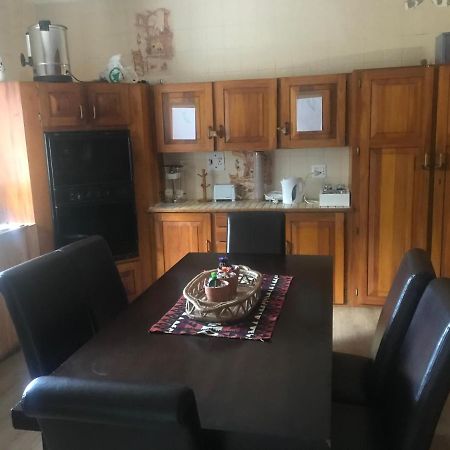 Kusha Two 호텔 사비 외부 사진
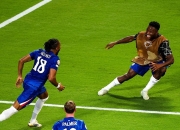 开云体育直播-比赛中出现意外失误，影响球队命运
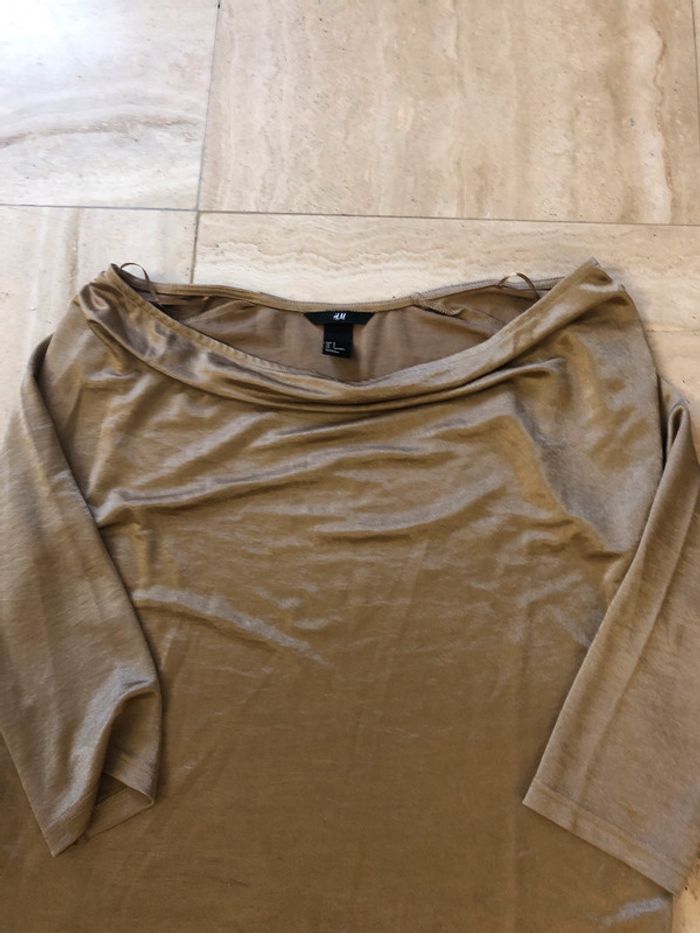 Tee shirt manches 3/4 doré H et M - photo numéro 2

--- Problem details ---
Leaving the pictures out, write out all the material above exactly.

--- Exercise solution ---
 Kusha Two 호텔 사비 외부 사진
 开云体育直播-比赛中出现意外失误，影响球队命运
 Tee shirt manches 3/4 doré H et M - photo numéro 2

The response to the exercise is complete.